**What to do**. When you copy the entries, match them exactly and omit the pictures.

----- Excerpted records

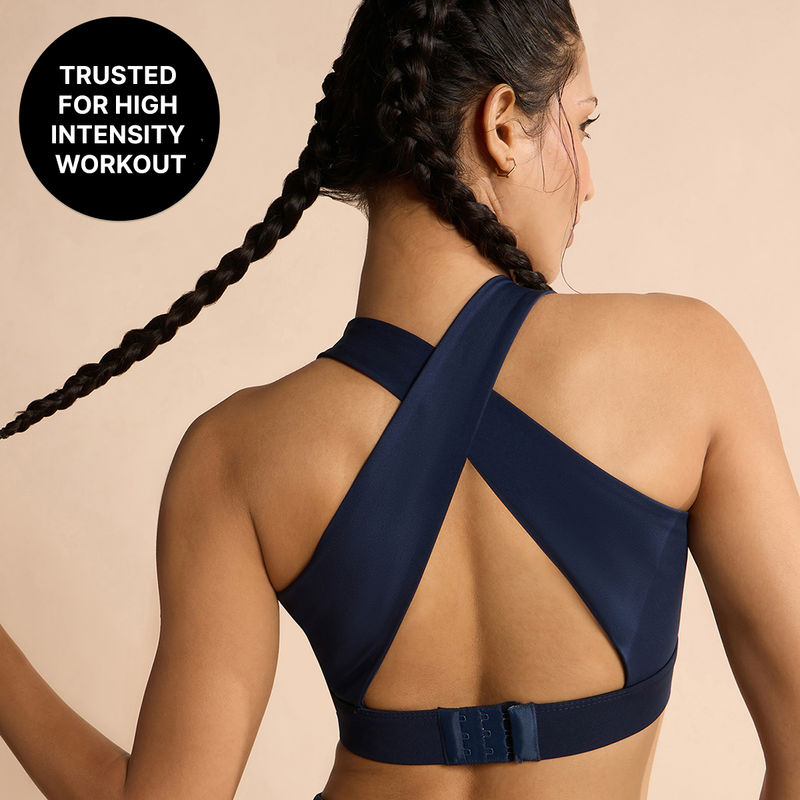 Kica Crostini™ Full Coverage Sports Bra - High-Impact Support & Quick-Dry KICASKN™ Fabric (2XL)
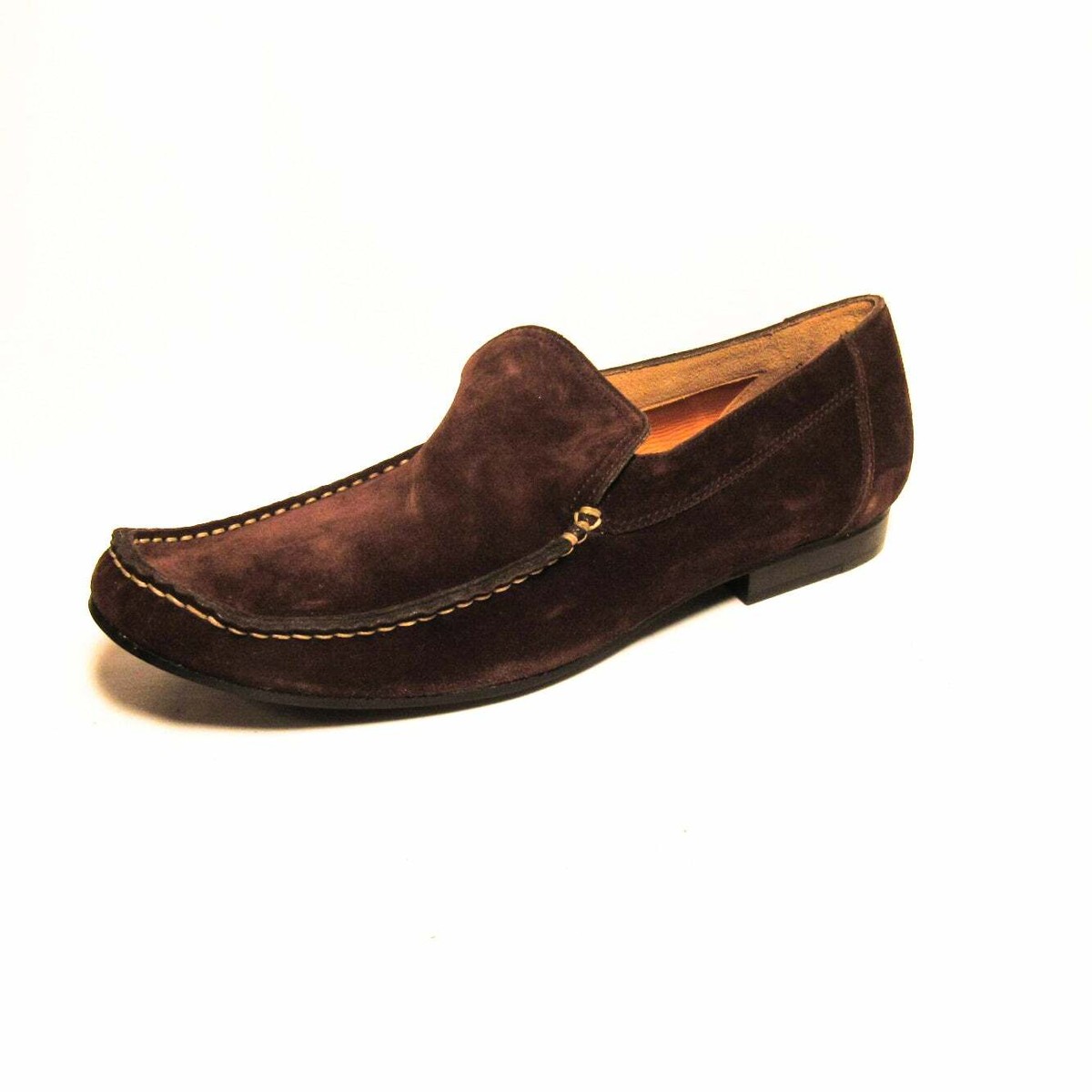 Joseph Fenestrier Brown Suede Loafer | eBay display picture 1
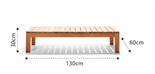 Скандинавский минималистичный уличный стол ComfortA CMF0001360
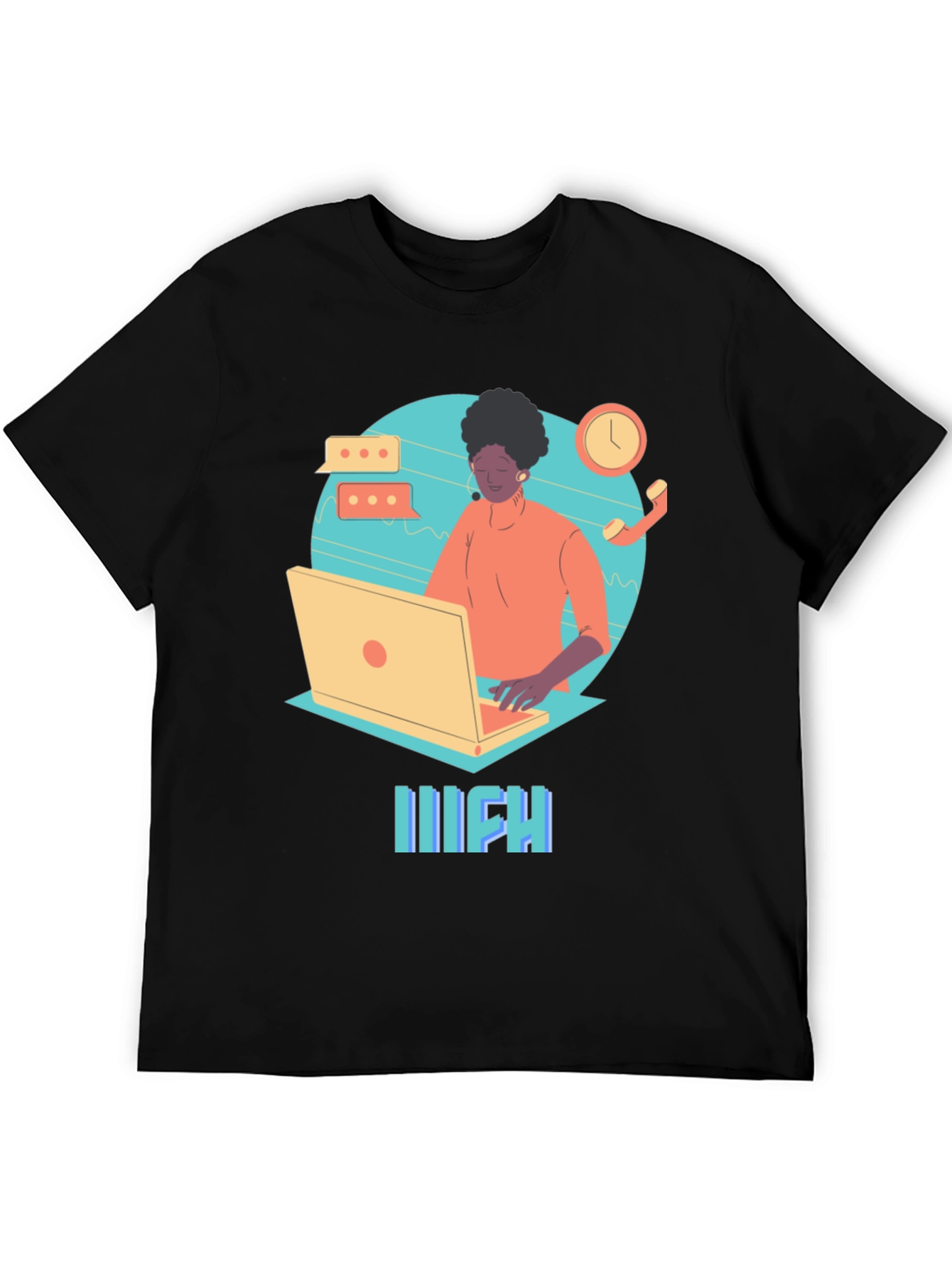 Work From Home Graphic Tee - Black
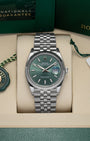 Mint Green 2025 Rolex Datejust 126234 | Noah's Fine Watches Dallas, TX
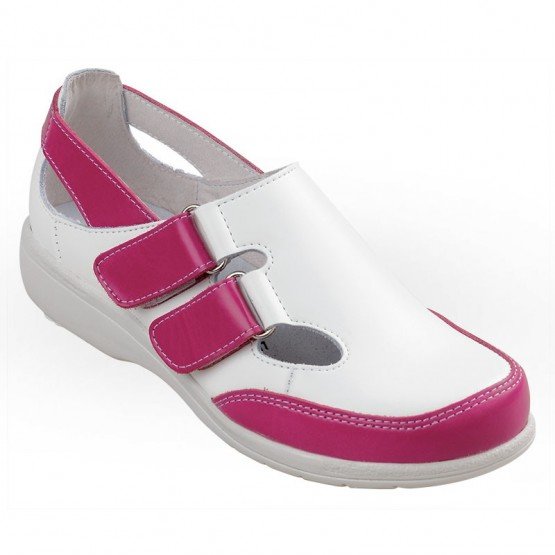 Chaussure de securite femme rose chez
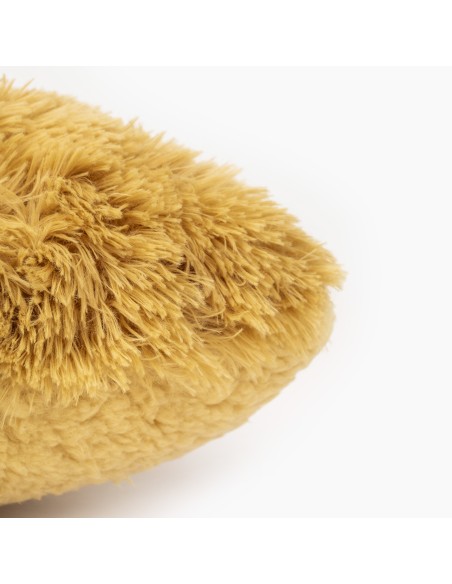 Cojín cuadrante pelo sherpa liso 45x45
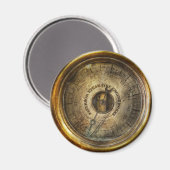 Steampunk - Der Druckmesser Magnet (Vorderseite/Rückseite)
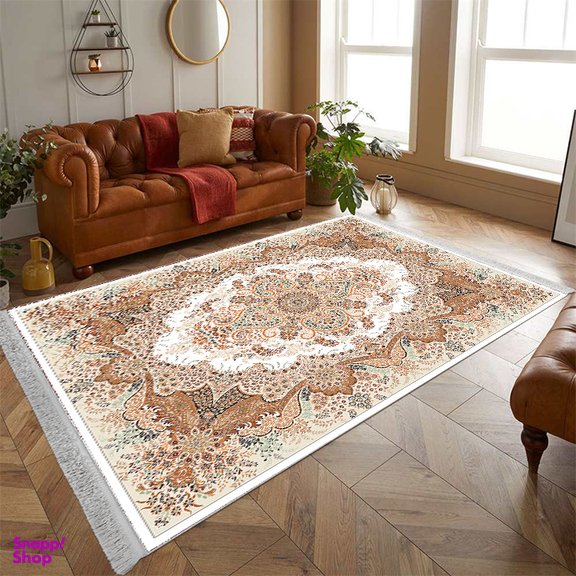 فرش ماشینی چاپی بدون تار و پور هانوکس مدل پارادایس کد IFK.312.00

----------

**Solved exercise**.
 Kica Crostini™ Full Coverage Sports Bra - High-Impact Support & Quick-Dry KICASKN™ Fabric (2XL)
 Joseph Fenestrier Brown Suede Loafer | eBay display picture 1
 Скандинавский минималистичный уличный стол ComfortA CMF0001360
 Work From Home Graphic Tee - Black
 Mint Green 2025 Rolex Datejust 126234 | Noah's Fine Watches Dallas, TX
 Chaussure de securite femme rose chez
 Cojín cuadrante pelo sherpa liso 45x45
 Steampunk - Der Druckmesser Magnet (Vorderseite/Rückseite)
 فرش ماشینی چاپی بدون تار و پور هانوکس مدل پارادایس کد IFK.312.00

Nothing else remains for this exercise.